心理学では、これを「認知的経済性」と呼ぶことがあります。
複雑な多次元の現象を、そのまま理解しようとすると心が疲れてしまうため、心は自然と、
- 良い/悪い
- 上/下
- できた/できなかった
といった「単純な判断軸」へまとめようとします。
スカラー化は、実は心が自分を守るための「節約」の仕組みでもあるのです。
■ 比較は「自分の位置を知るための地図」
人は社会的な生き物です。
社会の中でどこに立っているのかを把握することは、安心感と深く結びついています。
「あの人よりできているから大丈夫」
「他の人と比べて遅れている気がする」
「みんなはどうしているのだろう」
こうした比較は、自分の「位置情報」を得るための行為とも言えます。
位置がわかると、不安が少し減るからです。
比べることは、心が社会の中で生き残るための「ナビゲーション装置」なのかもしれません。

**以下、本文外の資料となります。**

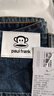 大嘴猴（paul frank）牛仔裤男士春夏季美式宽松裤子男裤阔腿休闲裤男 怀旧蓝色 36 实拍图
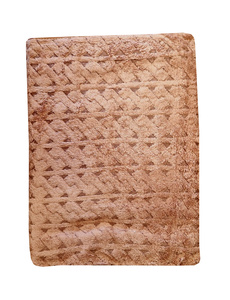 100% mikrošķiedras dvielis 90x170 cm BRŪNS- 20493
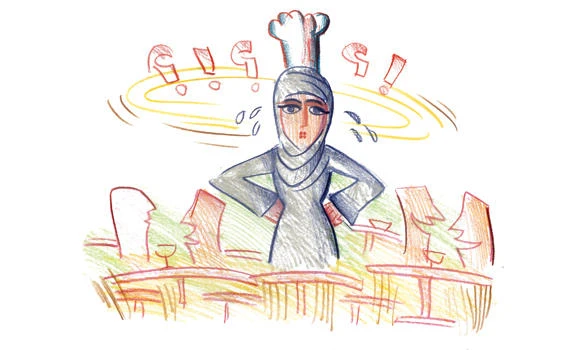 Some restaurants employing female hostesses despite ban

しかし、その地図はあくまで「簡略化された地図」であり、本来の多次元的な現実のすべてを映しているわけではありません。
■ 比較は「自分を守るための仮の避難所」
私たちは、自分の価値をすぐに外側へ預けてしまいます。
- 他人より上なら安心
- 他人より下なら不安
この構造はとても脆く、危ういものですが、短期的には「心を守る力」を持っています。
外側の評価軸に自分を乗せることで、とりあえずの安定や、行動のエネルギーが手に入ることもあります。
ただし、これも「仮の避難所」にすぎません。
そこに長くとどまるほど、本来の自分の輪郭は曇り、見えにくくなってしまいます。
■ スカラー化は便利だが、その代償は大きい
実際、スカラー化には大きなメリットがあります。
- 判断が速くなる
- 世界を理解しやすくなる
- 効率的に比較できる
- 不安が一時的に減る
しかし、その代償も存在します。
- 多次元的な豊かさが見えなくなる
- 質的な違いが消えてしまう
- 他者も自分も「一本の軸」でしか見られなくなる
- 苦しさやざわつきが増える
便利だけれど、危うい。
世界を一本の線にするという行為には、そんな二面性があります。
■ では、どうすれば多次元の世界を取り戻せるのか
比較する心をただ否定するのは簡単ですが、心には心の事情があります。
比べてしまうのは、弱さではなく、人間の自然な働きでもあります。
大切なのは、「比較してしまう心」を理解したうえで、どのように世界の多次元性を取り戻していくかを考えることです。
たとえば、
- 量ではなく「質」に目を向ける
- 早い/遅いではなく「向き」に注目する
- 他者と比べるのではなく「自分の軸」を知る
- 一本の物差しでは捉えられない「本来の姿」を思い出す
といった視点があるかもしれません。
これらは、第3回以降で、さらに丁寧に紐解いていきたいと思います。
■ おわりに
比べる心には、必ず理由があります。
その理由を知り、心の働きを理解することは、世界を再び多次元的に見るための第一歩です。